The answer must consist only of the lines from the line with "BELLA MIDI DRESS -Blue" to the line with "Полушка 1774 г.", both included, exactly as they stand below.
[[ DATA SUPPLIED open ]]
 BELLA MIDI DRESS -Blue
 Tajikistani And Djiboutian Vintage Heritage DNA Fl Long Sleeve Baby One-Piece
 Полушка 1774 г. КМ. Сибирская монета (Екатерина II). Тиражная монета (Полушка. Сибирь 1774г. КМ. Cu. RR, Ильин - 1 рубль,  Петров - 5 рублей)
[[ DATA SUPPLIED closed ]]
[[ DATA SUPPLIED open ]]
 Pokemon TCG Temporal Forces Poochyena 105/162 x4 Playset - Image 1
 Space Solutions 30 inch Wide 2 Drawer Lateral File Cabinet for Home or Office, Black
[[ DATA SUPPLIED closed ]]
▶ **WORKED SOLUTION**
 BELLA MIDI DRESS -Blue
 Tajikistani And Djiboutian Vintage Heritage DNA Fl Long Sleeve Baby One-Piece
 Полушка 1774 г. КМ. Сибирская монета (Екатерина II). Тиражная монета (Полушка. Сибирь 1774г. КМ. Cu. RR, Ильин - 1 рубль,  Петров - 5 рублей)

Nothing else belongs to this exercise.